There’s much to like about Dear Evan Hansen at the Noël Coward Theatre, not least a brilliant lead performance from Sam Tutty
“Will I ever be more than I’ve always been?”
After seeing Dear Evan Hansen, you realise that its title can be taken two ways. It’s the salutation on a letter that precipitates a world of trouble for the awkward teenager and those around him as per Steven Levenson’s effectively contemporary book. But it also ultimately emerges as an affectionate form of address, troublingly so as the show latterly pulls its punches around some of the harder-hitting topics that it raises.
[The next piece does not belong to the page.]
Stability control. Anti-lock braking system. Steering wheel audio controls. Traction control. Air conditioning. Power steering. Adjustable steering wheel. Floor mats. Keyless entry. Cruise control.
High-school senior Evan’s life is crippled by social anxiety. His hard-working single mum barely has time for him, he’s got no mates to speak of, and his therapist keeps setting him homework. Then when one of his classmates Connor Murphy dies by suicide, a chink of light unexpectedly cracks through his depression, as an unlikely chain of events leads him to claiming that they were best friends in order to emotionally support the grieving family.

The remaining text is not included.